Pendiente de mí, de mi origen puesto en la ventana del mundo. Me arrojan el
ancla y no la veo, entro en el ojo de la tormenta.
¿Era yo una flor acariciante, intimidad del día
develada a tus ojos, y ese temor de morir aferrada a la llanura de la vida que
atraviesa los años y las puertas?
¿Alguien ve esta turbulencia que succiona mi
cuerpo en pausas lentas, extrae la médula y construye mis pechos, esta vorágine
que surge desde mis huesos y me envuelve el sexo?
Ahora suben hombres, sacan boleto, y me llenan
de ojos, de humedades invisibles y acicaladas. Corbata, miembro y valija es lo
mismo. Crecen agigantados en mi cara y ni rozan mi permanencia. Ordeno a cada
uno sentarse y obedecer a su impotencia, desnudo su pobreza de profundidad.

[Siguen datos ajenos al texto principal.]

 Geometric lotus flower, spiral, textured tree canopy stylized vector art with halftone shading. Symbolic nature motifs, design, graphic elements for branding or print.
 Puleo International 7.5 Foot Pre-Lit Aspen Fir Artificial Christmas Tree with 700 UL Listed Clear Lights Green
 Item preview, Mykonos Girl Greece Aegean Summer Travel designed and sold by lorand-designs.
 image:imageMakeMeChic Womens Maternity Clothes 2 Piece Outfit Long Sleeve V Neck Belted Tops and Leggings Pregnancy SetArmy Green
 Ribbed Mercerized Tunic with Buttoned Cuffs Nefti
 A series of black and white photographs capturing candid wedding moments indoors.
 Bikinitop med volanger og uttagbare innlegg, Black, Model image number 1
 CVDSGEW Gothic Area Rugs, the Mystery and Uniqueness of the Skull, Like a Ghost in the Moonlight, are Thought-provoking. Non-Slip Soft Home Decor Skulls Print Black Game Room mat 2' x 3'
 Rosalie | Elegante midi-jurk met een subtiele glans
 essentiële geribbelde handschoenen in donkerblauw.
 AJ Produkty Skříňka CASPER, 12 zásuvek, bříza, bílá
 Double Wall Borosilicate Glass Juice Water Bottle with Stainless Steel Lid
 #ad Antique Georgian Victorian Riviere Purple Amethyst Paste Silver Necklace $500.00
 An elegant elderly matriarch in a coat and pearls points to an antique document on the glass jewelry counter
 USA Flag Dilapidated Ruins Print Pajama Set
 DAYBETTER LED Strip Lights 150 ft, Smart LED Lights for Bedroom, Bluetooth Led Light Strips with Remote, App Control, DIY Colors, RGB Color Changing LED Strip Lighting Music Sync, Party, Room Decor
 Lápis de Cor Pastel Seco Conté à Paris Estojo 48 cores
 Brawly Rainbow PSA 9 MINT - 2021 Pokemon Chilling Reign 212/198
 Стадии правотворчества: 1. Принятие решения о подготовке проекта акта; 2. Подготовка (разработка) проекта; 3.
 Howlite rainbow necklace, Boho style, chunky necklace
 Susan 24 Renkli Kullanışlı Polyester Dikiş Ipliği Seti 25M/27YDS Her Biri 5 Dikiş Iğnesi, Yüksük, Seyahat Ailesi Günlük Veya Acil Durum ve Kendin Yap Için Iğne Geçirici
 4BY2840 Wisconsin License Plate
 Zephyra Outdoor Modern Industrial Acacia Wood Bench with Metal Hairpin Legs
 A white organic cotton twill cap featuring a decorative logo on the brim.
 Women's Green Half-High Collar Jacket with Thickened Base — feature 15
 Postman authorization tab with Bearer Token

Entonces una soga me tira de las manos hacia el costado del mar aéreo del
cuerpo. Llueve un alud de piedras preciosas, sin peso; moldean mi tórax y
frotan mi lengua con sabores incólumes.
Algún origen tendré entre los cardos y el desierto,
los bosques húmedos y las lluvias de la selva. Entre el océano y el cielo puedo
estirarme, y nadie sabe la elasticidad de mi piel y de mi alma, a punto de
cortarse, sin quebrarse. Pálido habla un fuego que empieza a emerger y tengo el
sitio exacto entre las personas. Hundo el índice en la materia y se ablanda.
Hasta mis huesos llenan el espacio que habita el alma.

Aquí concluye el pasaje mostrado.